Get your daily, bite-sized digest of cryptoasset and blockchain-related news – investigating the stories flying under the radar of today’s crypto news.


Adoption news

  • Satoshi Island, the project that aims to make a 32m sq. ft (3 sq. km) private island into a crypto haven, announced it has received endorsement from the Prime Minister of Vanuatu, where the island is located. The Prime Minister wrote that due to difficulties with COVID-19, “Vanuatu looks for innovative solutions to help grow [their] economy.”
  • Tech giant LG Electronics added crypto, blockchain, and medical devices as new business areas in its corporate charter, Korea JoongAng Daily reported, citing a spokesperson for the company. They added that their new objectives include “the development and selling of blockchain-based software” and “the sale and brokerage of cryptocurrency.”
  • Data privacy solutions provider Meeco announced the launch of its Zero-Knowledge Proof (ZKP) Decentralised Identifier (DID) and token visualization tooling called Trustury on the Hedera (HBAR) blockchain, with the HBAR Foundation’s support.
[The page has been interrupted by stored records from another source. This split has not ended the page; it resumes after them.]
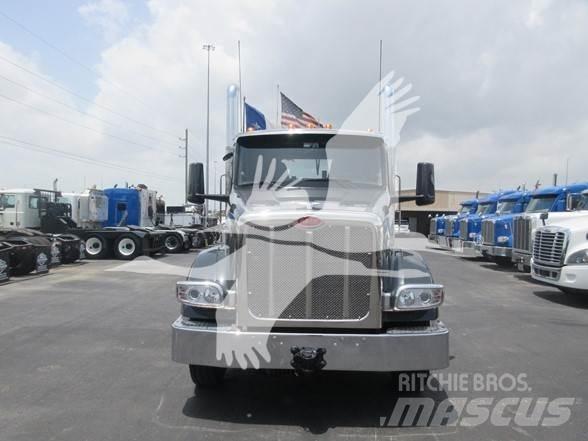 Peterbilt 567 Tracteur routier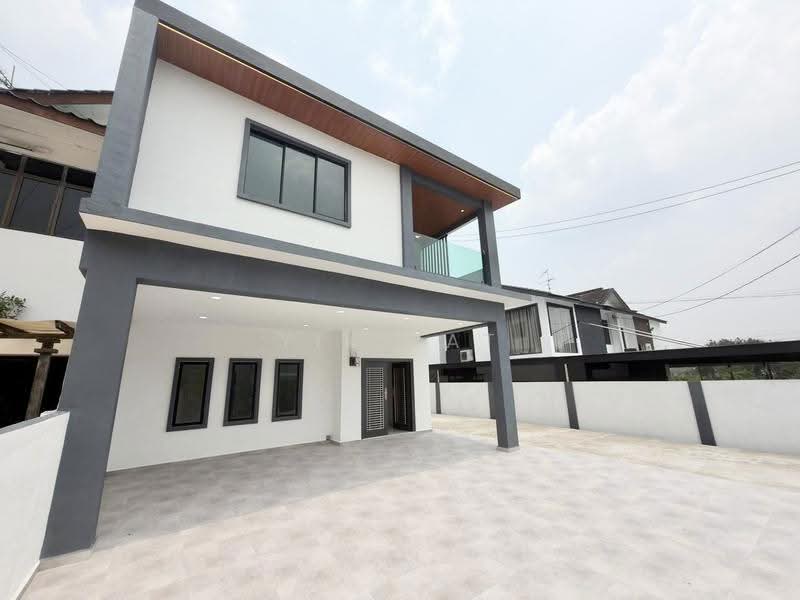 Semi-Detached House for Sale in Taman Sri Putri (Skudai) - Yik Tat - Exterior - PropertyGuru.com.my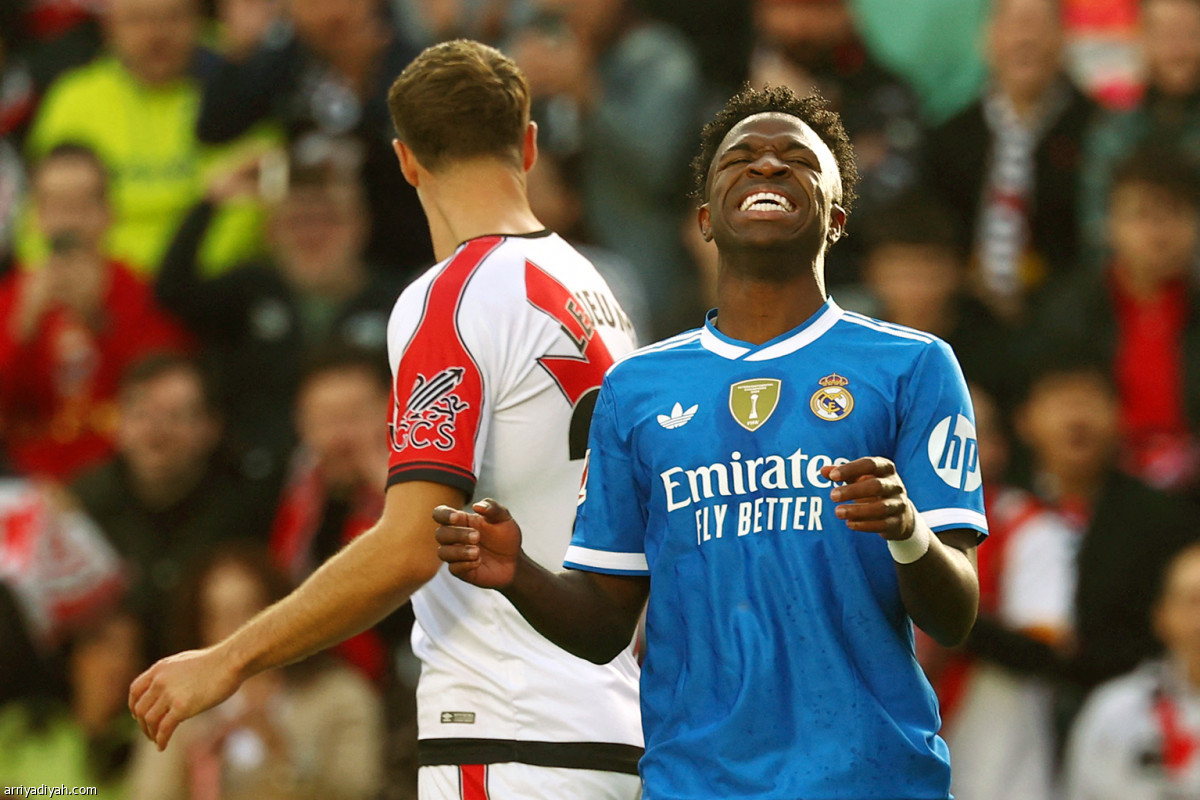 الريال يتعثر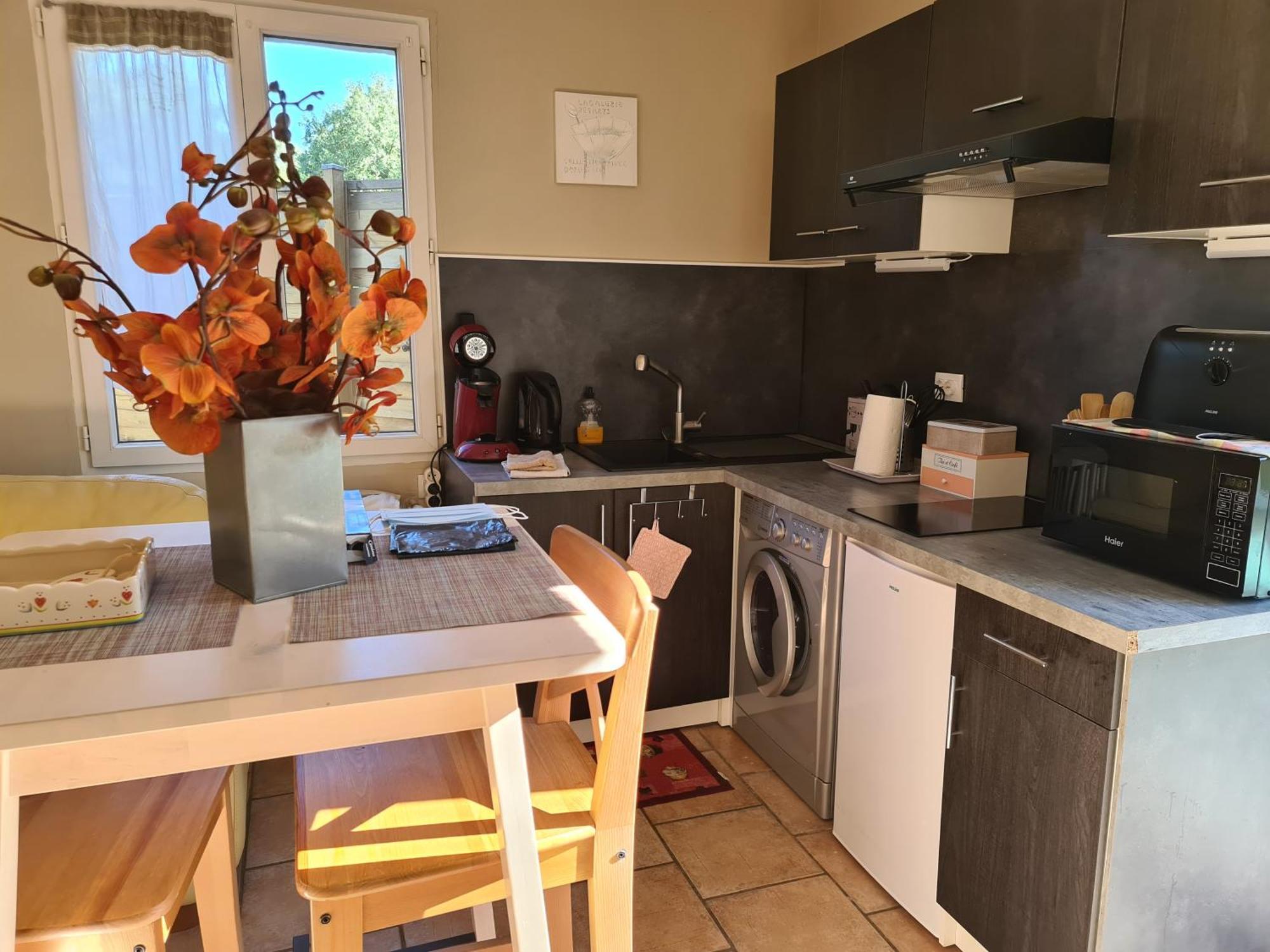 3 indépendants dans villa avec piscine terrasse, jardin, parking clos, wifi Meyreuil Esterno foto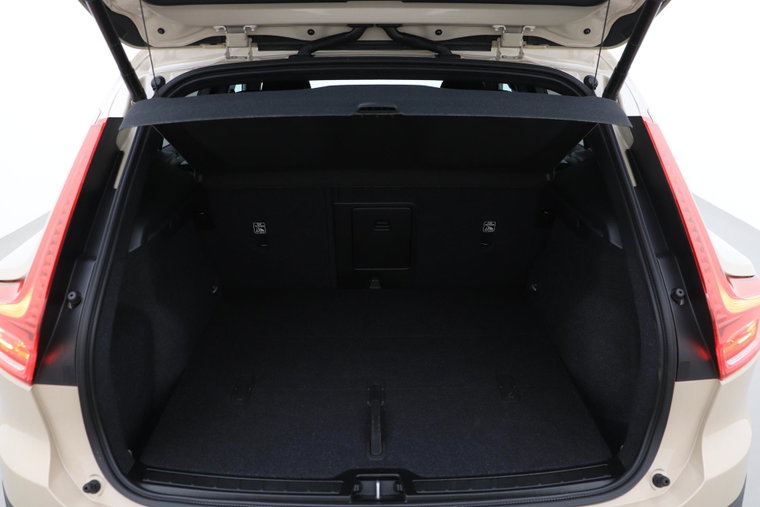 Vehicle Image 48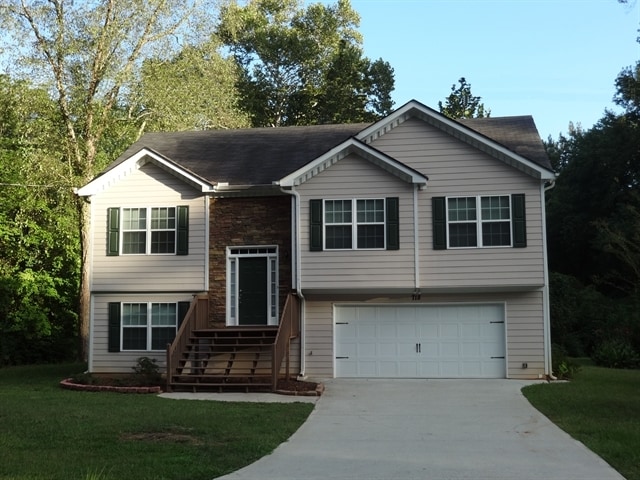 Primary Photo - 718 Nottingham Dr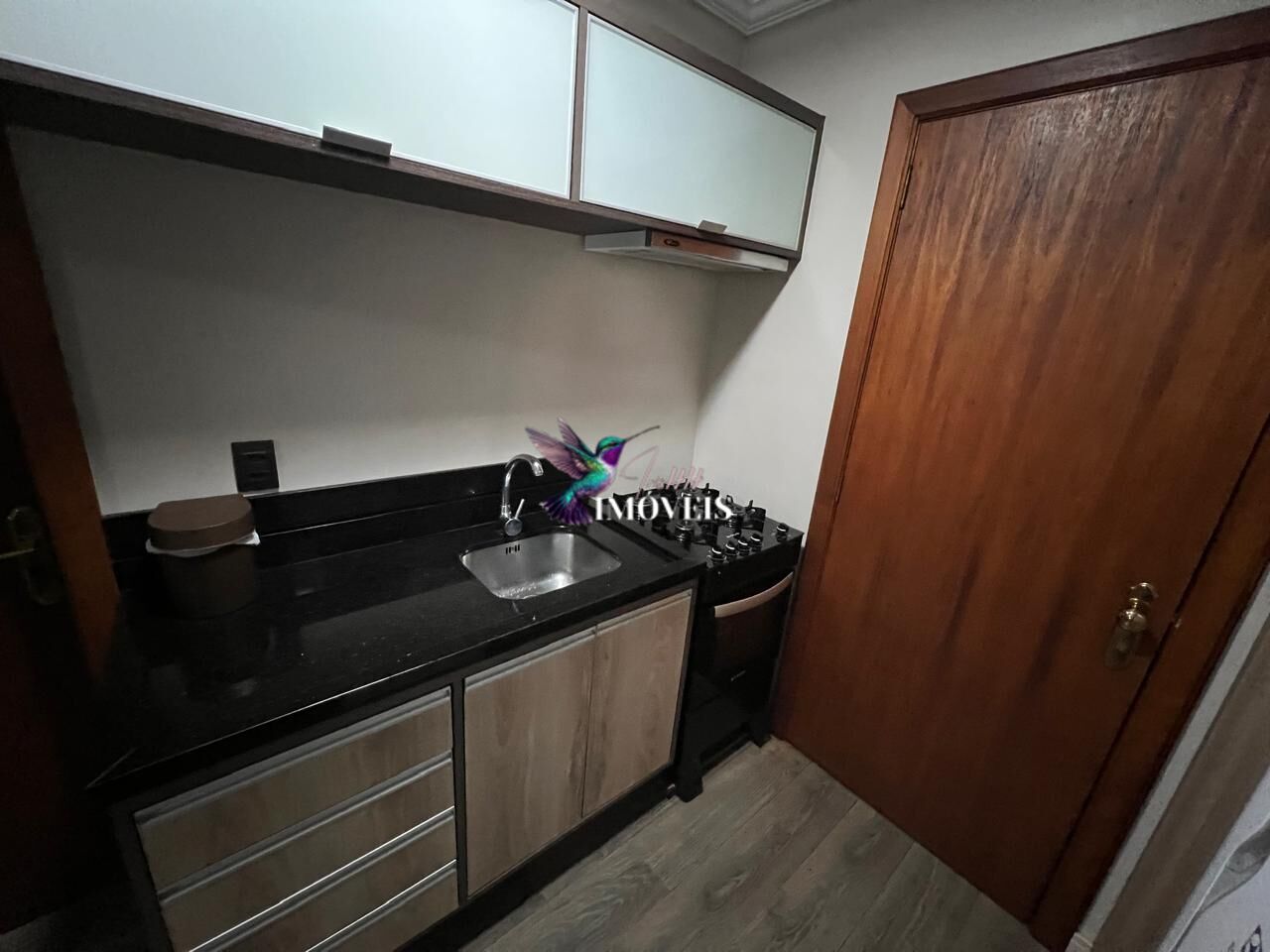 Apartamento à venda com 1 quarto, 32m² - Foto 7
They added that they are developing the solution in partnership with a range of service providers in the Environmental, Social, and Governance (ESG) market, and that they welcome participation from interested parties.

Regulation news

  • Thailand will restrict the role of commercial banks in the digital assets business to protect them from unforeseen risks, Bloomberg reported, citing Bank of Thailand Assistant Governor Roong Mallikamas. The central bank said that banks should limit their investment in the digital assets business, including crypto exchanges, to 3% of their capital as regulators are stepping up their oversight.
  • The UK Financial Conduct Authority (FCA) reminded all regulated firms that have exposure to cryptoassets of their existing obligations, which include customer clarity, registration with the watchdog, as well as prudential and custody considerations. They added that they’re working with international authorities on more crypto-related clarity and that they will also be engaging with industry participants to seek insights.

NFTs news

  • Two defendants were charged with conspiracy to commit wire fraud and conspiracy to commit money laundering, in a million-dollar scheme to defraud purchasers of NFTs advertised as “Frosties.” Ethan Nguyen and Andre Llacuna allegedly transferred around USD 1.1m to themselves in a “rug pull” scheme, and both charges carry up to 20 years in prison each.
  • Internet giant Google filed a trademark application for “Non-Fungible Planet,” an educational campaign aimed at “providing information in the areas of environmental protection, conservation, energy efficiency, climate change, reducing carbon footprints, environmental issues and sustainability efforts,” according to the filing. There is no clarification on whether the “non-fungible” part of its name has a direct correlation with non-fungible tokens.

Investments news

  • Decentralized, non-custodial platform ShapeShift DAO and Web3 protocol data validator UMA announced the strategic investment by Coinbase Ventures and Chapter One in a “significant portion” of the ShapeShift DAO’s recently minted FOX Success Tokens, for a total of USD 625,000.

Legal news

  • US, Manhattan court indicted Thomas Blackaller Spieker Jr. for operating a global money-laundering business that enabled at least seven criminal clients to use bitcoin (BTC) anonymously to hide and obscure their illegal proceeds. Per the press release, he converted more than USD 2.3m into BTC and more than USD 380,000 worth of BTC into USD between January 2018 and August 2021.
  • Gordon Brad Beckstead from Nevada admitted his role in laundering funds solicited for BitClub Network, a USD 722m fraudulent cryptoasset scheme, per the US Department of Justice (DOJ), pleading guilty to one charge of conspiracy to commit money laundering and one count of aiding in the preparation of a false tax return.